There is a popular narrative out there that holds that all family businesses are born containing the seeds of their own destruction. Every case of a family business closing is used to support this ‘original sin’ theory, which explains why it has become so popular, even when it is simply not true.

The logic is that every family business is some kind of inverted pyramid scheme, with generation after generation all demanding an income while making no contribution. The business inevitably collapses under the weight of its greedy and indolent shareholder base.

This happens in a few instances, but the truth is that the majority of multi-generational family businesses do not suffer this fate. In Ireland, examples such as Sisk, Musgrave Group, and Barry’s Tea demonstrate that family businesses can continue to grow and prosper as they pass from generation to generation.

The Essence of Capitalism

These businesses have grown over time and have no difficulty in meeting the demands of their family shareholders. This is not unusual; it is capitalism, pure and simple. The system works by people providing capital and businesses delivering a return on that capital to their owners.

Nowhere does it say that owners must work in the business. And that is perhaps the best way to view a multi-generational family business, as another enterprise with a wide shareholder base. The only difference is that the shareholders are likely to know each other, and decision-making can be more complicated due to family ties and other bonds of kinship.

In Association with

That means the shareholders have to figure out what ownership means to them. They have to decide what they want out of the business and what involvement they want in running it. They have to know how to be good owners, and they have to ensure that subsequent generations also learn about good ownership.
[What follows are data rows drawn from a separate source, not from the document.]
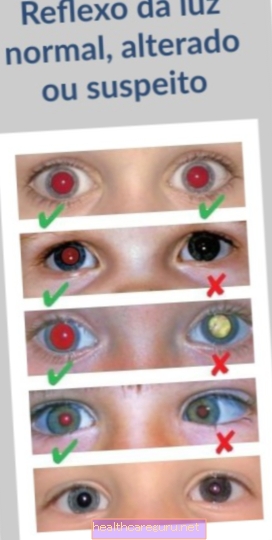 اختبار العين: ما هو ، ما الغرض منه وكيف يتم إجراؤه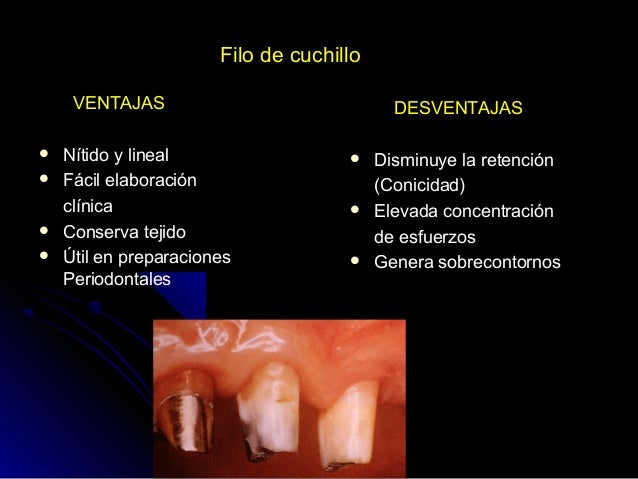 lineas terminales, impresiones definitivas, provisional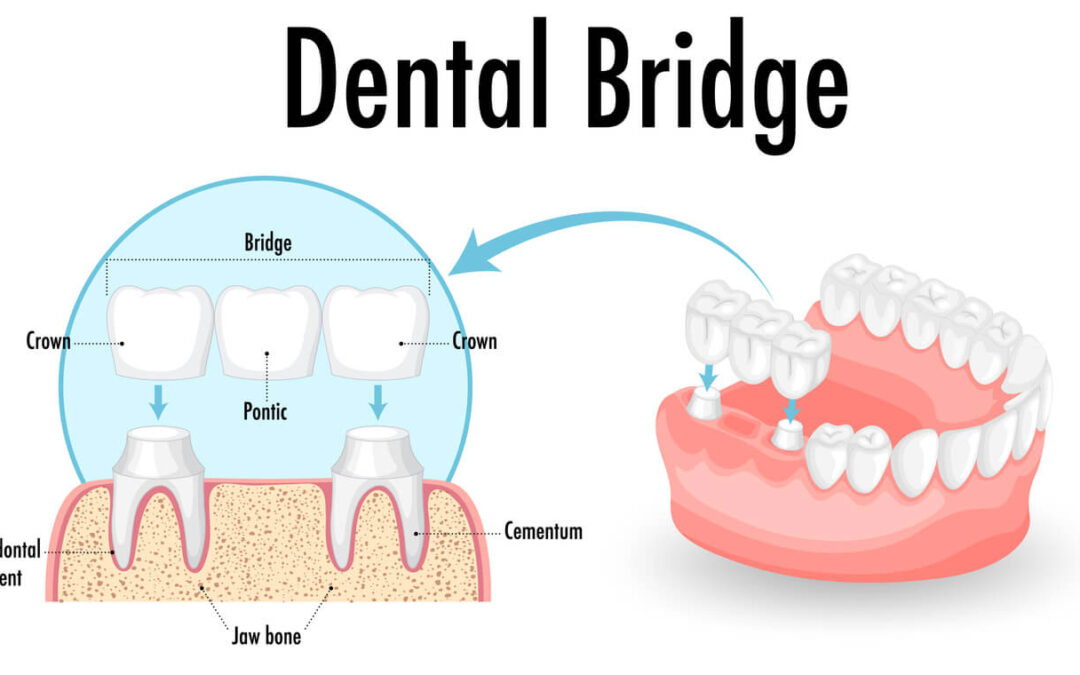 Understanding Dental Bridges and How Many Teeth They Can Replace
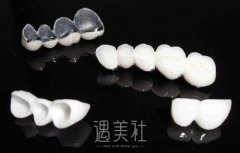 烤瓷牙的种类有哪些？烤瓷牙的价格贵不贵？ width=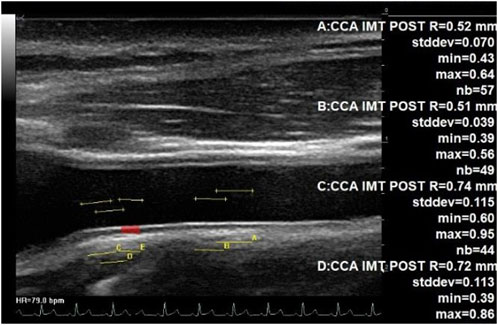 IMT measurement at the middle part of CC and at the bulb area. Echographic image of the common carotid artery up to the bulb area (beginning of bifurcation) at the left, showing automated assessment of the IMT. Each of the four measurements was completed on a total of 44 to 57 adjacent locations along the carotid posterior wall. The IMT changed from 0.51 mm (middle part of CC) up to 0.74 mm (beginning of the bifurcation).
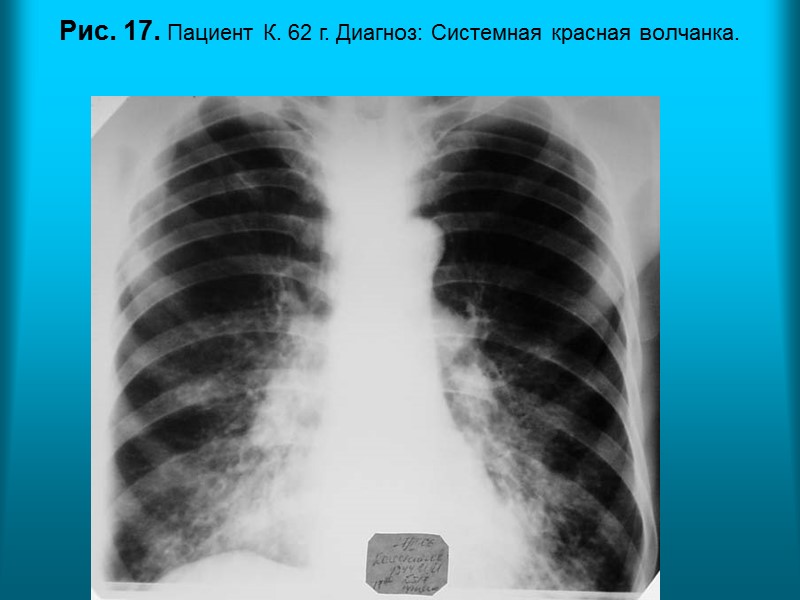 Н.С. Воротынцева. С.С. Гольев  Рентгенопульмонология Пациентка Б. 28 л.  Диагноз: Системная красная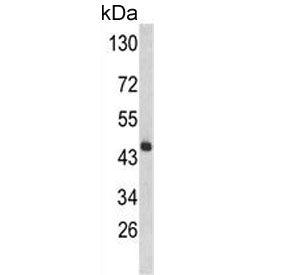 4-hydroxyphenylpyruvate dioxygenase Antibody / 4HPPD / HPD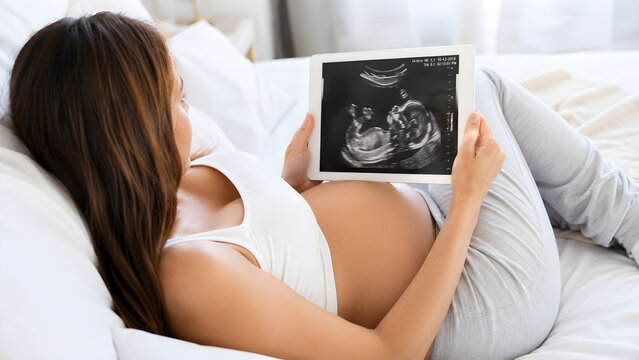 Pregnant woman viewing an ultrasound image at home, representing prenatal care, maternal health, fetal development, and joyful anticipation of motherhood
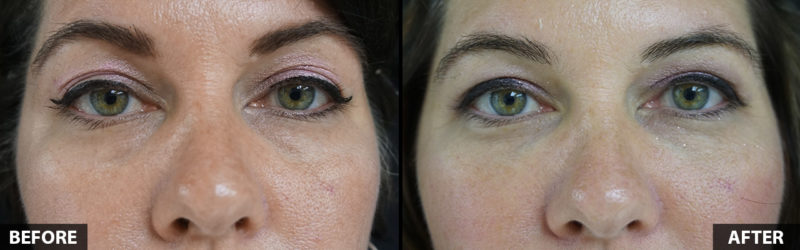 restlyane-lower-eyelid-resurfacing
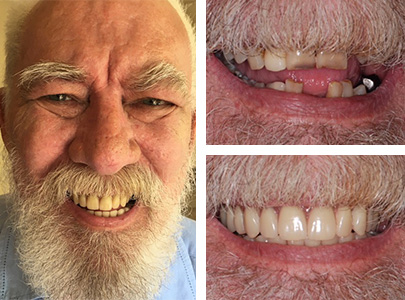Gerald's Smile after dental implants in Chelmsford, Essex - Advance Dental Clinic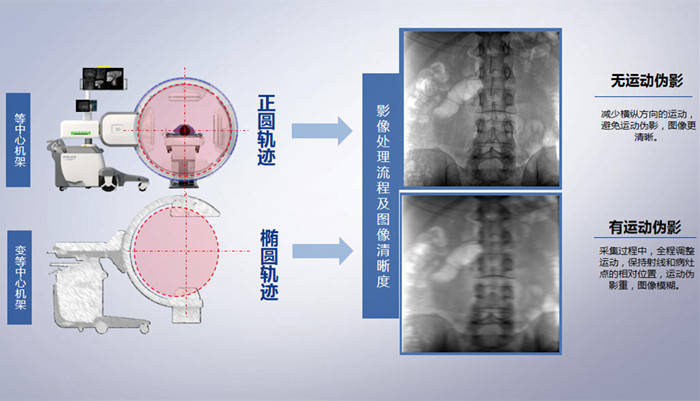 骨科三維C形臂機(jī)架設(shè)計(jì)對(duì)比圖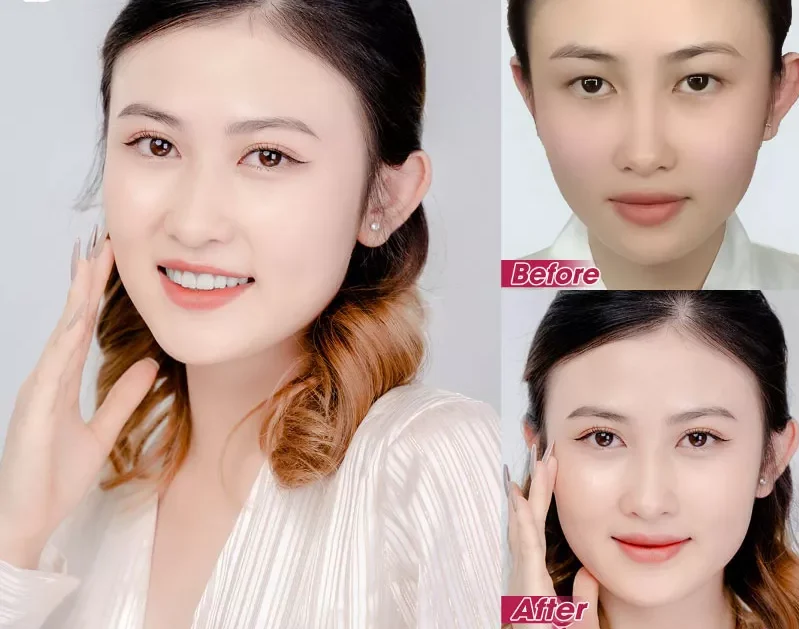 Tạo hình mí mắt trên 9 nhung hinh anh cat mi mat 11 e1758695106250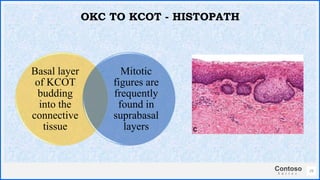 Contoso
S u i t e s
Basal layer
of KCOT
budding
into the
connective
tissue
Mitotic
figures are
frequently
found in
suprabasal
layers
29
OKC TO KCOT - HISTOPATH
 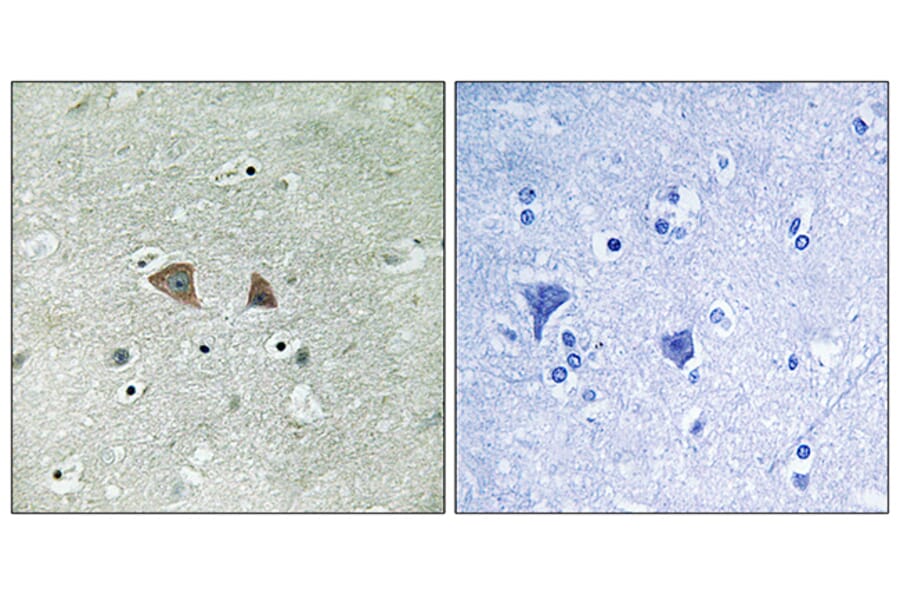 Immunohistochemistry - Anti-p70 S6 Kinase Antibody (B8156) - Antibodies.com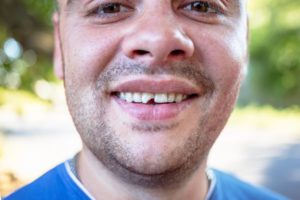 man with a chipped tooth in cleveland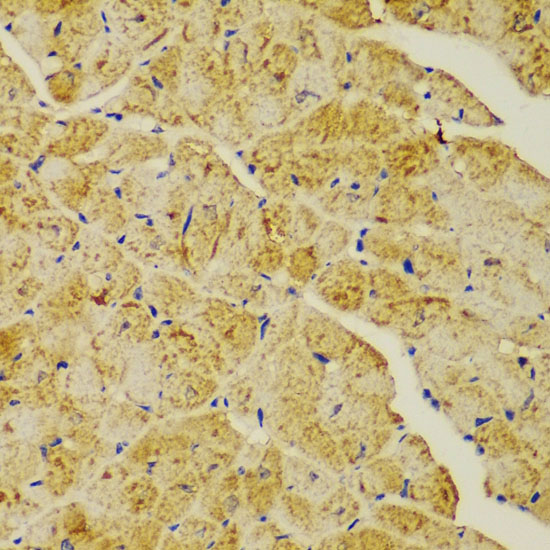 Anti-ACTN1 Antibody (CAB1160)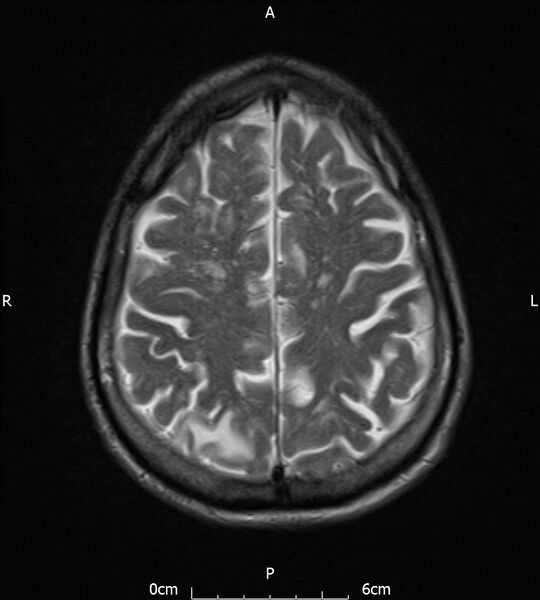File:Cerebral amyloid angiopathy related inflammation (Radiopaedia 72772-83415 Axial T2 18).jpg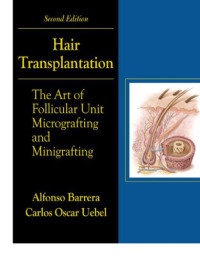 Barrera, MD Alfonso; Uebel, MD Carlos — Hair Transplantation : The Art of Micrografting and Minigrafting, Second Edition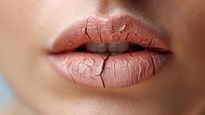 Dry Lips Remedy Top 5 Diy Lip Masks For Chapped Lips During Winter
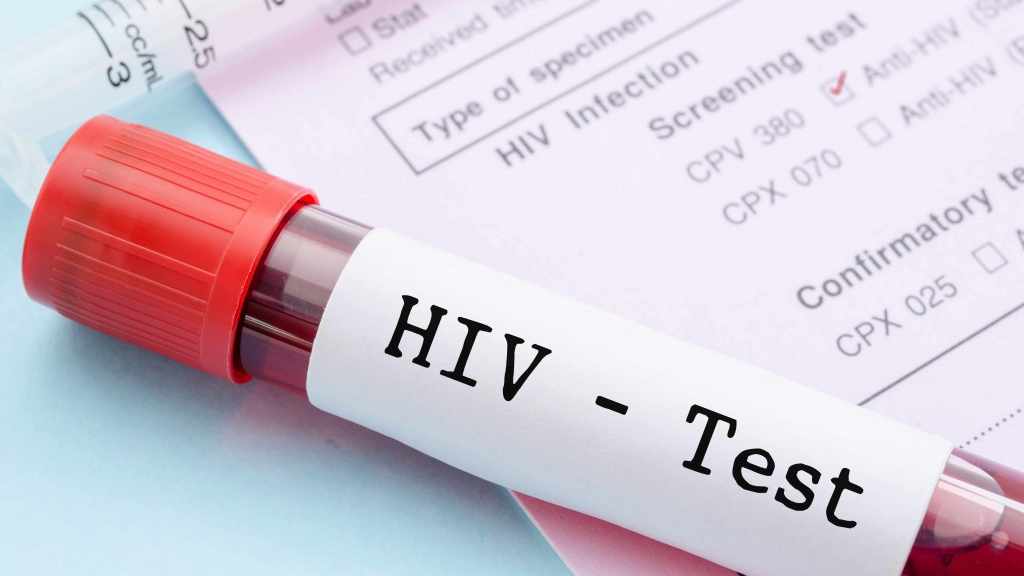 Xét nghiệm HIV là bước quan trọng trong phát hiện sớm, điều trị kịp thời và phòng ngừa lây nhiễm HIV.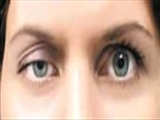 شيوه جراحي پلك‌ها 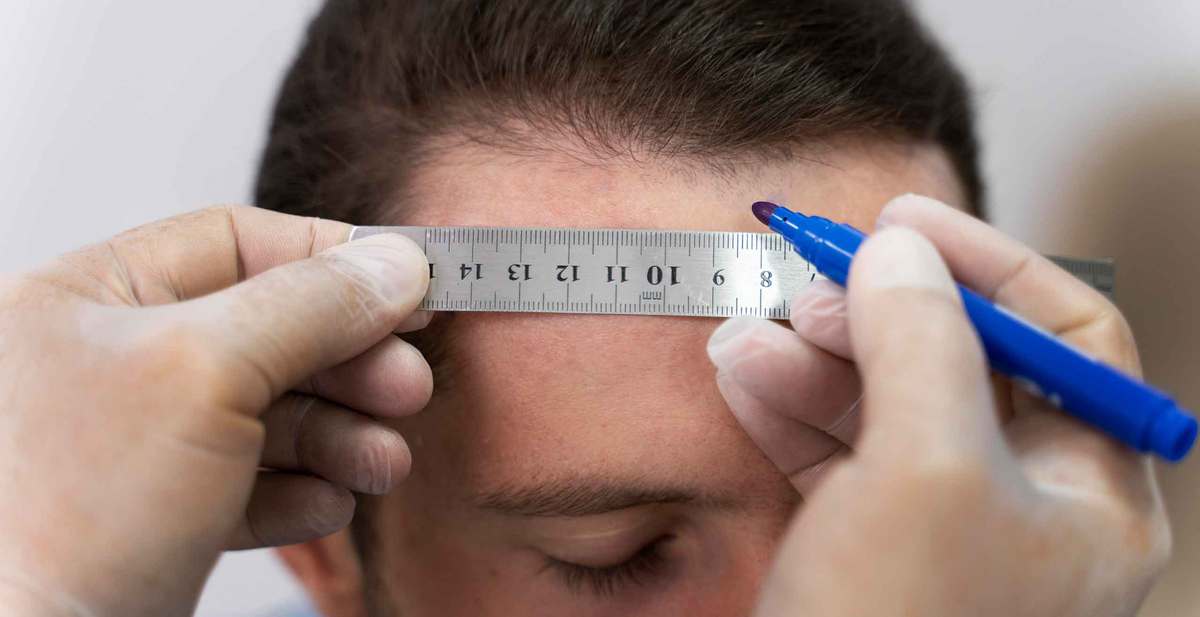 7 Cara Mengatasi Receding Hairline Pada Pria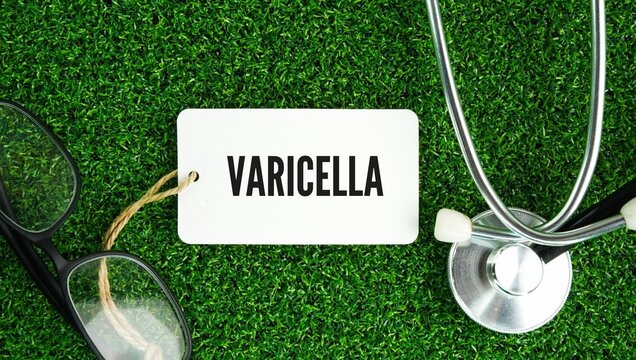 Stethoscope, glasses and a paper tag with the word Varicella, commonly known as chickenpox, is a highly contagious, vaccine-preventable disease caused by the varicella-zoster virus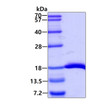 SDS-PAGE gel of recombinant E.coli DnaK 385-546aa protein stained with Coomassie blue
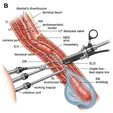 Laparoscopic Meckel's Diverticulectomy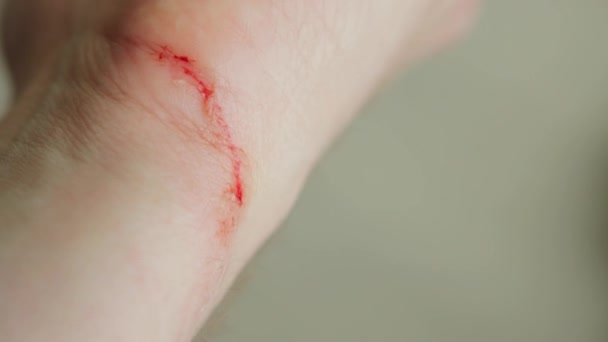 Sebhely egy férfi kezén, közelkép. Vér a csuklón, bőr. — Stock videók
Bad owners can be fatal for a business. If you want to destroy a business, you are far better off having a dissolute group of owners than having bad managers. You can always sack bad managers, but you can’t fire the owners. And even if the owners do want to get out, there is often little liquidity to smooth the path to an exit.

ROI is what matters

Some family businesses develop policies to allow family members to pursue a career in the business if they so wish. Others deliberately separate the shareholders from the management of the business, and have family representatives on the board to take care of their interests. In each case, the objective is to achieve the overall return on investment that the owners desire.

Family businesses are not morally superior to any other form of enterprise, but nor are they doomed by some congenital fatal flaw. There are many good family businesses out there which have grown over the generations to create empires, and Ireland has a number of strong examples. These success stories can provide the templates for others to build their own strong family businesses for themselves and future generations.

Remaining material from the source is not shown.